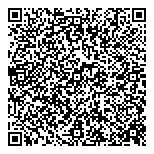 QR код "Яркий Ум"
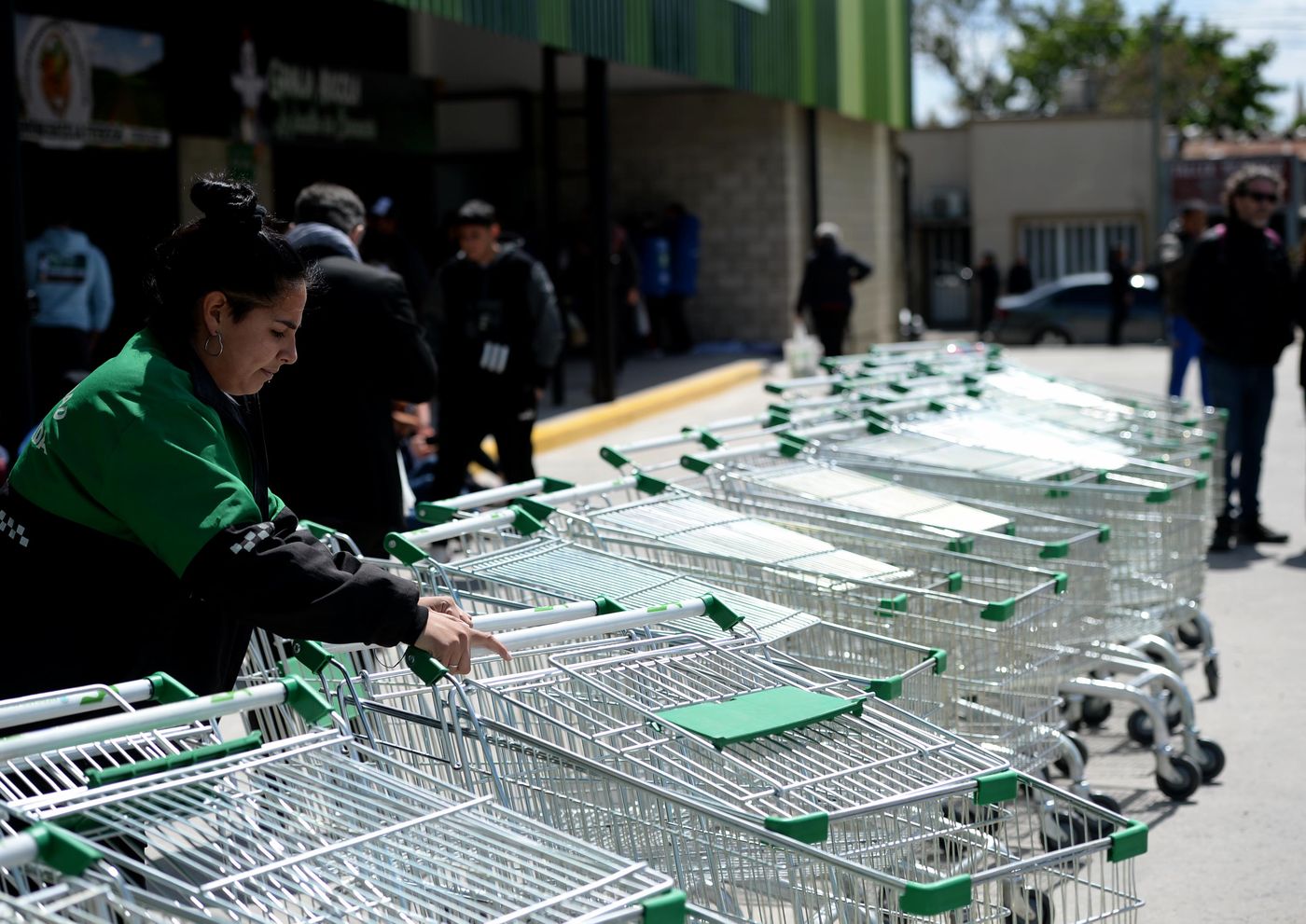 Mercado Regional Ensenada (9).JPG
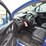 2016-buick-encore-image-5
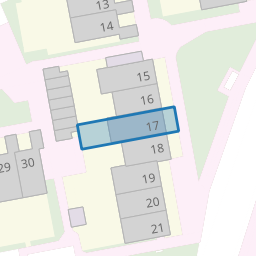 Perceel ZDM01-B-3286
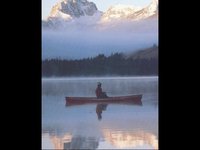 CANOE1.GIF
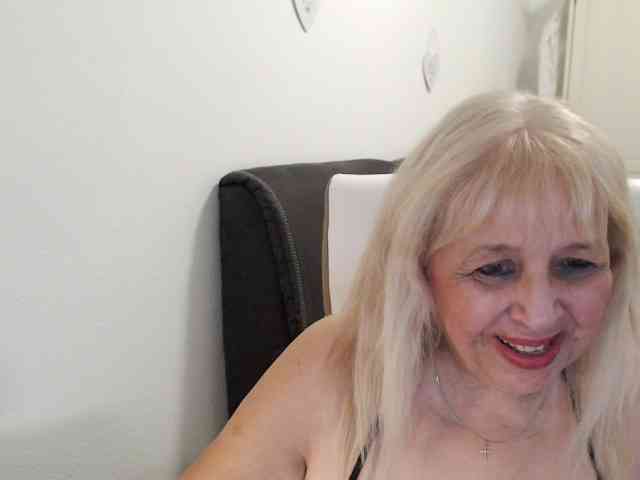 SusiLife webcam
============
Exercise details: An exact repetition of the listing is needed, with the pictures dropped.

Your response:
 QR код "Яркий Ум"
 Mercado Regional Ensenada (9).JPG
 2016-buick-encore-image-5
 Perceel ZDM01-B-3286
 CANOE1.GIF
 SusiLife webcam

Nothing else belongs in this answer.